Embrace individuality. Everyone has something special about them and it’s tapping into that that will give you a lifetime of inner confidence. By embracing who you really are, you’ll forever be on the right track on pursing your own perfection and happiness.
This links to following your gut too. Not your head, or your heart but your gut. There have been so many occasions where I’ve listened to that pit in my stomach about whether to do something - good or bad - and it’s always been the right decision. Also, I learnt recently that there’s so many nerve endings in our gut, meaning the saying ‘gut instinct’ may actually have scientific meaning!
As well as the high points, there must have also been times when things have got really tough, possibly even life threatening. How do you deal with and ultimately overcome these situations?

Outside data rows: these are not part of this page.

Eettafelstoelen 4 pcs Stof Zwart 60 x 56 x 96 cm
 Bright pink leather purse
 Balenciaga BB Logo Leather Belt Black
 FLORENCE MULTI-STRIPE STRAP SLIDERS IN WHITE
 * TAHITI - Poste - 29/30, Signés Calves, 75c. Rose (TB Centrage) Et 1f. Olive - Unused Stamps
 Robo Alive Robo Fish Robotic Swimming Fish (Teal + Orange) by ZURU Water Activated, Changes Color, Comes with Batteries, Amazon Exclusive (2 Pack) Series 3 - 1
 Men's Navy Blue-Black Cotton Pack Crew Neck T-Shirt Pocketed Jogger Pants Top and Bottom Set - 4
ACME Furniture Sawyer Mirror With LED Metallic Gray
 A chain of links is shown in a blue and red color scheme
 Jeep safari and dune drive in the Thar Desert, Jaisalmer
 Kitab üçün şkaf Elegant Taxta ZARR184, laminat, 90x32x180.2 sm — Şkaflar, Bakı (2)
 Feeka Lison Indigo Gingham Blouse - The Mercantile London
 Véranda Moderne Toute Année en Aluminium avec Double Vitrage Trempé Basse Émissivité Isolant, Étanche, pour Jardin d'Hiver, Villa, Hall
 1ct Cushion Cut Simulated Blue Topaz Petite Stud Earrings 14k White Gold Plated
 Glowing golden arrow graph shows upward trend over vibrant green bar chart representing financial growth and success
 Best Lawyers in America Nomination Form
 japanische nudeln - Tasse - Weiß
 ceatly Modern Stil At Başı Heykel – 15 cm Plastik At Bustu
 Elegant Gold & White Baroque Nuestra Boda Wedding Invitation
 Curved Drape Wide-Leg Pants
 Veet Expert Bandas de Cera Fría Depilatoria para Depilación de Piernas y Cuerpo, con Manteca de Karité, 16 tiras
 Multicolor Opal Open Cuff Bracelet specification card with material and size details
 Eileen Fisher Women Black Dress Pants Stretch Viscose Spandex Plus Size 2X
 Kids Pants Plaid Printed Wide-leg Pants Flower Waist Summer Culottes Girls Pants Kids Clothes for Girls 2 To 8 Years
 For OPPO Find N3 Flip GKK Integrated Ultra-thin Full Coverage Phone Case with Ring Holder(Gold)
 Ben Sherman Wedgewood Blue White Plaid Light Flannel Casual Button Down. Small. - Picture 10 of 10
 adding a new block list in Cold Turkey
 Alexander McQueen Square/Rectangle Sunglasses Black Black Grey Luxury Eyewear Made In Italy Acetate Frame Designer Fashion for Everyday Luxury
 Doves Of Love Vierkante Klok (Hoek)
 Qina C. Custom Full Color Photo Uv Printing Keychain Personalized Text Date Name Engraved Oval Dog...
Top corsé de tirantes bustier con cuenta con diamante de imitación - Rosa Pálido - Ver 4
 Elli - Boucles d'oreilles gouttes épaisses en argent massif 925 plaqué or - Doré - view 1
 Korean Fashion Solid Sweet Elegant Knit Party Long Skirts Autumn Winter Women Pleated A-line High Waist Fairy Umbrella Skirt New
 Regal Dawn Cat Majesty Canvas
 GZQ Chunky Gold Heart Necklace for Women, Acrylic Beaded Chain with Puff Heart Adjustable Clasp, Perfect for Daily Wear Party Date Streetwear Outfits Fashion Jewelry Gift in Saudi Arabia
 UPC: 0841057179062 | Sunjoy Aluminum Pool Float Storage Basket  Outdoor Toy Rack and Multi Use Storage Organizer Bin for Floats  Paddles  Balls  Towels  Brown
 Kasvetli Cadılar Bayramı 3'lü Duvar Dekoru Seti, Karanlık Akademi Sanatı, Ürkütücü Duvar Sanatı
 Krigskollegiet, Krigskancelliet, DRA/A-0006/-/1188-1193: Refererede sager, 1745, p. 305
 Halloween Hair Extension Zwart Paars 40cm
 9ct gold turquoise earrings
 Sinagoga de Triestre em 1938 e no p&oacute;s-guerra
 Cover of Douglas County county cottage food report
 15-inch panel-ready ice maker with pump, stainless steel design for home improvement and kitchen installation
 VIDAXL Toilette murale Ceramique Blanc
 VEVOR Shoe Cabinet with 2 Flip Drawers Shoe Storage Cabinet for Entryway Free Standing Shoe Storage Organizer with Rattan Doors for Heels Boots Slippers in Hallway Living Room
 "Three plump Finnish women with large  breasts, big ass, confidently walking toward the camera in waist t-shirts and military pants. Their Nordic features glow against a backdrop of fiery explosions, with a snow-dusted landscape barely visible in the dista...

Preparation is key! You must think of how your body and mind will be feeling. What are you going to find difficult and how can you make any possible situations less difficult by preparing for them in the months leading up to a trip?
If things really do go wrong and are out of your control then taking a step back, staying cool and calm and being confident in your decision making allow you to follow things through efficiently. I would say having a place to go to in your head to remind yourself of why you are doing these things is important too.
Your message to the world is ‘Don’t lose your botheredness’. What does this mean?
This basically means that as soon as the phrase ‘I can’t be bothered’ pops into your head, even if you’re just thinking it, then you must do it there and then, whatever it is. On expeditions this is useful to make sure the little things you ‘couldn’t be bothered with’ don’t snowball and cause one massive problem! I now find myself never saying ‘I can’t be bothered!’
Not everyone is out in extreme environments every day, so how can people use your motto in every day life?
This motto can be used in all levels of life. There’s of course the use when you’re trying to achieve a goal. For example, on those cold mornings that you said the night before you would go for a run on. As you lay in bed thinking I can’t be bothered, that’s when you should immediately jump out and put those running shoes on. No thinking, just doing! Or simply with day to day work or domestics; ‘I can’t be bothered to empty that dishwasher’ just means that the next day when you have another job on top of that to do, everything seems a lot worse. Just do it in the first place to avoid that feeling of too much on your shoulders.
You were voted one of Suffolk’s Most Inspirational Women in 2018, and it’s clear that you, your attitude to life and your experiences are something that will continue to inspire many. But who inspires you?
I try to get inspiration from many sources. There are people who I look up to and get energy and motivation from and then there’s thinking about how I’ve coped in those touch times where I get inspiration from my past self.
And finally, what’s next for you? Where is your next adventure taking you and why have you decided upon there?
I’m actually leaving for the Arctic next week. It’s a route I’ve done before however what’s different this time is that I’m taking six people who have little or no Arctic experience. It’s going to be an adventure for me and them, and I can’t wait to show them the Arctic in its most pure form as we ski and camp along the plateau. It will be hard and cold and they will have no choice but to connect with the environment. It’s going to be a great way to show them what they can achieve and hopefully be a positive experience that they can feed off for years to come!